When it comes to load testing big, Internet facing applications, you would probably want to load test with thousands of users, which based on the gross numbers above, will require 1000GB of RAM for 10,000 concurrent users. Based on Amazon pricing this will cost about 32$ USD per hour (based on c3.8xlarge 60GB instance which is about 1.7$ per hour - I'm rounding up to 2$ as there are other expenses like network and disk usage).

Now, given the fact that you never run one load test and then wrap things up and never do that again.If you are serious, you will run load tests regularly and at least, once before every production release. We are talking about hours of load tests every month.
With one of my clients, we run 8 hours of load tests every day and 24 hours load test every weekend, with a similar scale to the example above - it would cost more than 9000$ per month to run load tests with real / headless browsers (and that's assuming that we use Amazon On-Demand instances and shut them down between load tests).

If you can have such budget spent on load testing infrastructure alone, you should also consider the fact that, such approach with driving a headless browser, is still considered inaccurate and inconsistent. The timing mechanism is still considered immature, virtual browsers may affect each other due to spikes with CPU consumption and thus running same tests may get you with pretty different results from my experience.

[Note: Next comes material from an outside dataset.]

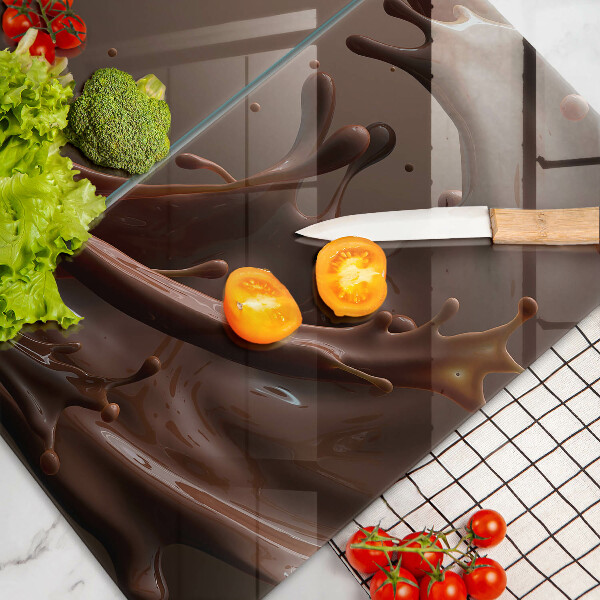 Copri piano cottura in vetro Cioccolato liquido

So now, I come back again to why I say all load testing solutions are more of the same.
All of those services and tools I've mentioned above, focus on running load tests with the very first technology that Mercury came with in early 90's, not with running real browsers, which is still immature and expensive but with scripts that define what kind of HTTP requests to hit the system with and measure the response, that's all. So they all provide with different scripting languages or ways to control the test. Some allow you to work with UI and modules to create the required script, some with XML, some with coding style in either proprietary scripting engine or wide spread scripting engine, but the very bottom line is that they all ask you to provide with same data to get your load test running.

Go and try few of them, you will see and understand that each solution wraps the same idea with different UI. They all work the same and if they work the same, I urge you to use those who are based on JMeter. Why? Because it is the most popular load testing tool in the world, it is free and open source and most importantly - it has the biggest set of features and it continue to grow with regular releases backed by an awesome core team of commiters which push it forward. If you go with other proprietary scripting engine, you will soon find show stoppers, blocking you from executing a script which should interact with your application due to missing functionality, as all other engines are trying to keep up with JMeter.

So why I mad about all those tools and competitors? They all try to re-invent the same wheel. Not a smarter one, not a better shape nor better material. Just re-creating same old stuff which was invented about quarter of a century ago!!

Last point is that 5 years ago - the idea of driving real/headless browsers was really promising, but so far no real solution is doing that successfully.
I'll create a technical post on this topic in the future to show timing issues with such approach, currently I have in mind to show results from Selenium browser running from by JMeter with the JMeter Plugins, but any other ideas or pointers are welcome here.